A sharp increase in imports, which subtracts from GDP, contributed to the slowdown in growth from the fourth quarter, shaving off nearly an entire percentage point. Spending on imports jumped to a 7.2% rate from 2.2% in the fourth quarter.

A decrease in inventory investment in the private sector also weighed on the economy earlier this year. There was also a sharp slowdown in government spending.

Consumer spending, which accounts for the lion’s share of economic output, also slowed earlier this year, but it still fueled growth in the first quarter. A key gauge of demand in the economy — final sales to private domestic purchasers — remained strong in the January-through-March period, slowing only slightly from the fourth quarter.

The Dow tumbled by 500 points at the opening bell, the S&P 500 fell 1.3% and the Nasdaq Composite declined by 2%.

What this means for interest rates

Inflation slowed considerably last year, but the pace of its descent has stalled in recent months. That’s the main reason why the Fed isn’t planning to cut interest rates imminently, but the economy’s resilience is also reassuring central bankers that they can afford to sit still and wait for inflation to budge lower. Fed officials will begin to cut rates once they’re convinced that inflation is under control and is on track to their 2% target — but they could also reduce rates sooner than expected if the economy suddenly falters.

For now, economic growth remains healthy, despite the weaker-than-expected first-quarter GDP reading, as employers continue to hire at a solid clip and workers still command robust wage gains.

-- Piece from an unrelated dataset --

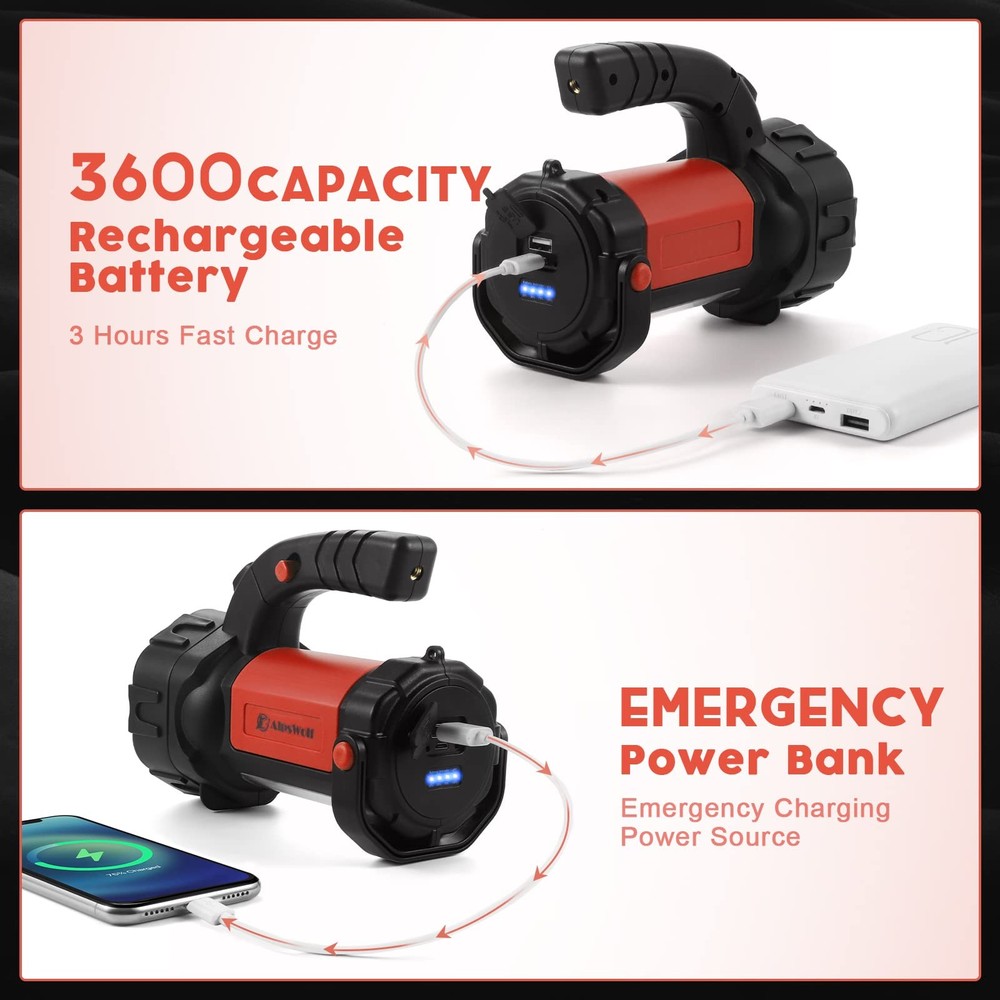 Camping Lantern Rechargeable, AlpsWolf LED Flashlight Spotlight Red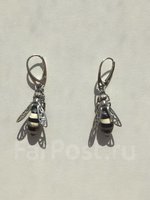Серьги пчела бижутерия украшение серёжки натуральные камни стиль мода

Economists and Fed policymakers are still widely expecting that momentum to slow even further this year, with interest rates perched at a two-decade high, but a recession this year isn’t in the cards.

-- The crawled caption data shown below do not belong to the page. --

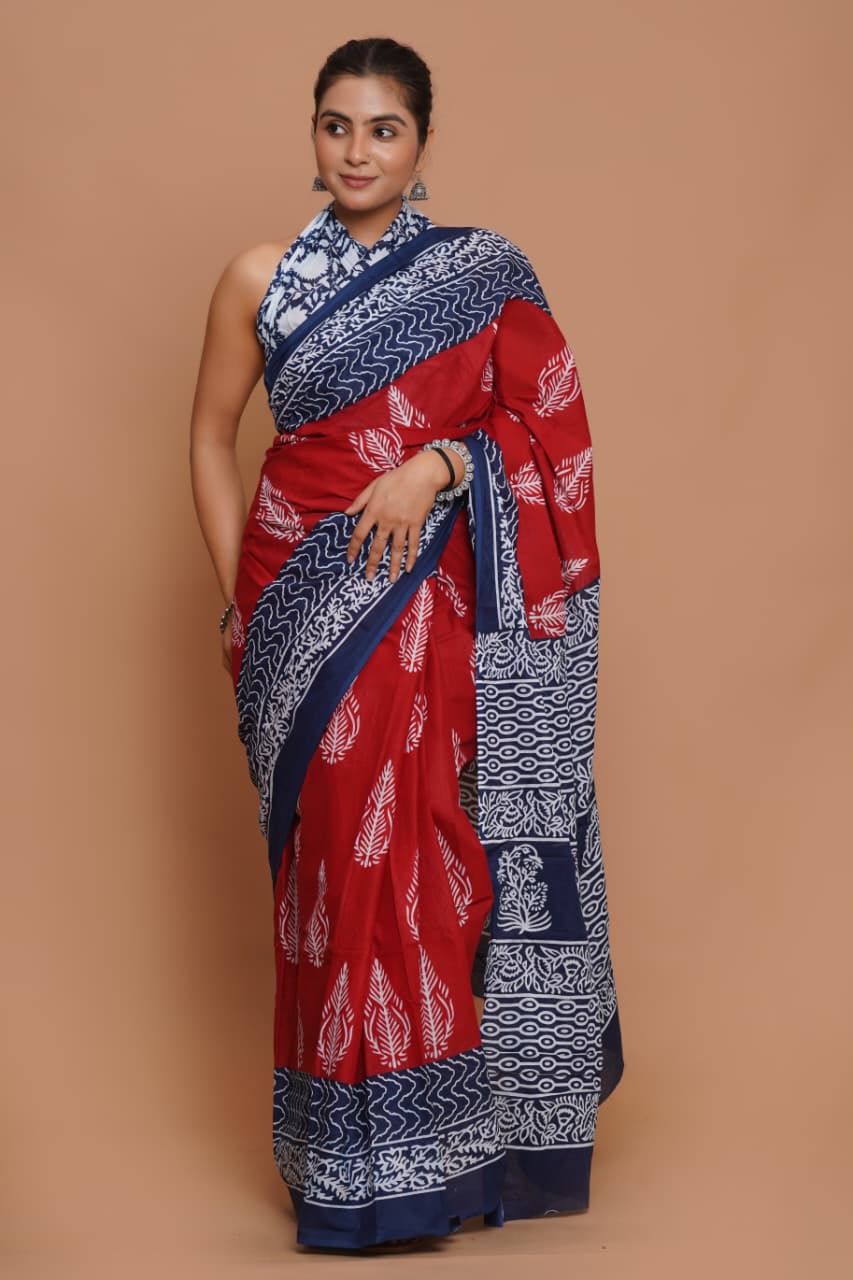 red-and-navy-blue-leaf-print-mulmul-cotton-saree-with-patterned-border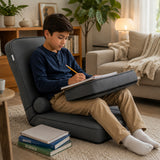 Kawachi Recliner Laptop Table with Foldable Portable Floor Chair – Adjustable Cushion Seat with Ergonomic Backrest for Work, Gaming, Relaxation, Reading, and Home Office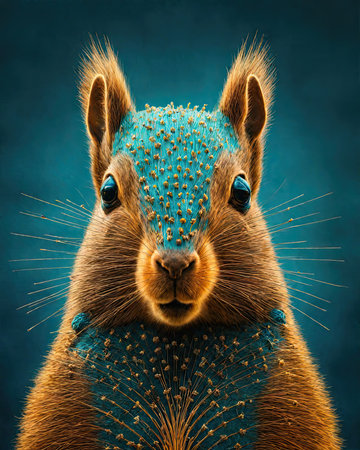 Funny squirrel with blue eyes on a dark background. 3d renderingの素材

“Consumers are becoming a bit more selective with what they purchase and how much of it because of the high interest-rate environment and because inflation remains high,” Oren Klachkin, financial market economist at Nationwide, told CNN. “But as long as the job market remains solid, they will continue to spend. That is more than compensating for the fact that there’s continued pressure from the inflation front and interest rates.”

The latest GDP reading dealt some damage to the narrative that the US economy might be overheating. For interest rates, that means rate cuts could begin sooner rather than later.

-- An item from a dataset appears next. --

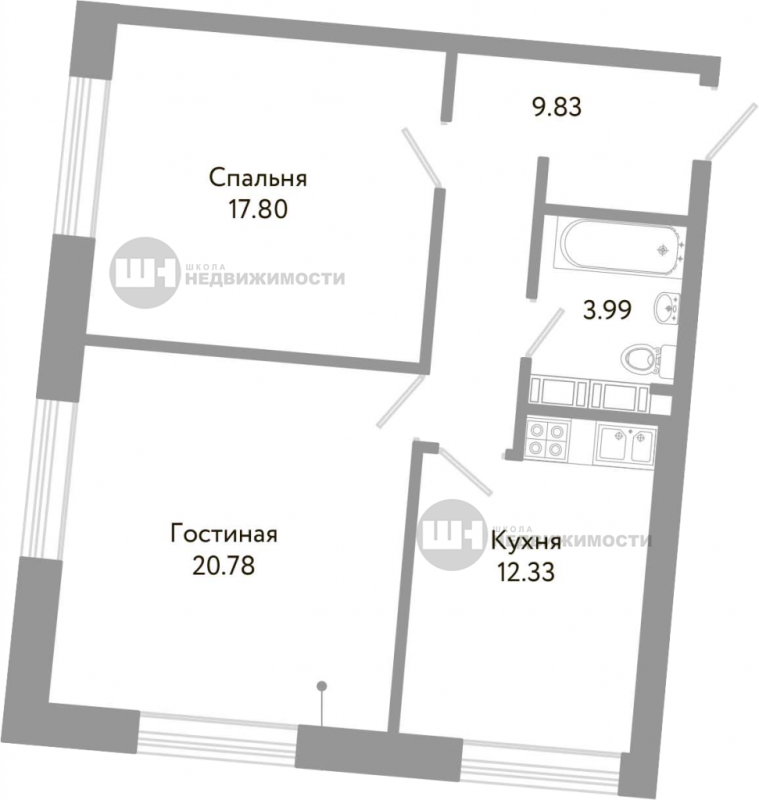 2-комнатная Квартира, 64.73 м2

“The softer first read of Q1 GDP could shift — again — the Fed’s timetable for initiating the rate easing cycle, with July coming back into play,” Quincy Krosby, chief global strategist at LPL Financial, said in a note Thursday.

Federal Reserve officials meet next week to deliberate on their latest interest rate decision.

No alarm bells — yet

Americans are still opening up their wallets, which is keeping the economy afloat for now.

Consumer spending slowed in the first quarter to a 2.5% rate, down from the 3.3% rate in the fourth quarter, mainly driven by a pullback in goods spending. Household outlays were responsible for the majority of growth from January through March. With the job market still humming along, Americans are likely to continue to spend.

Visa, the world’s largest payment processor, beat estimates in its latest earnings results released this week, largely thanks to resilient spending.

“Consumer spend across all segments from low-to-high spend has remained relatively stable. Our data does not indicate any meaningful behavior change across consumer segments,” Chris Suh, chief financial officer at Visa, said in an earnings call.

But there are some signs of stress. Credit card debt levels and delinquencies have been rising, which are gauges the Fed is paying close attention to.

Chicago Fed President Austan Goolsbee said recently that consumer debt levels aren’t yet “especially” high, but that an increase can sometimes be a harbinger for weakness on the horizon.

“If the delinquency rate of consumer loans starts rising, that is often a leading indicator for ‘things are about to get worse,’” he said Friday at a moderated panel hosted by the Society for Advancing Business Editing and Writing.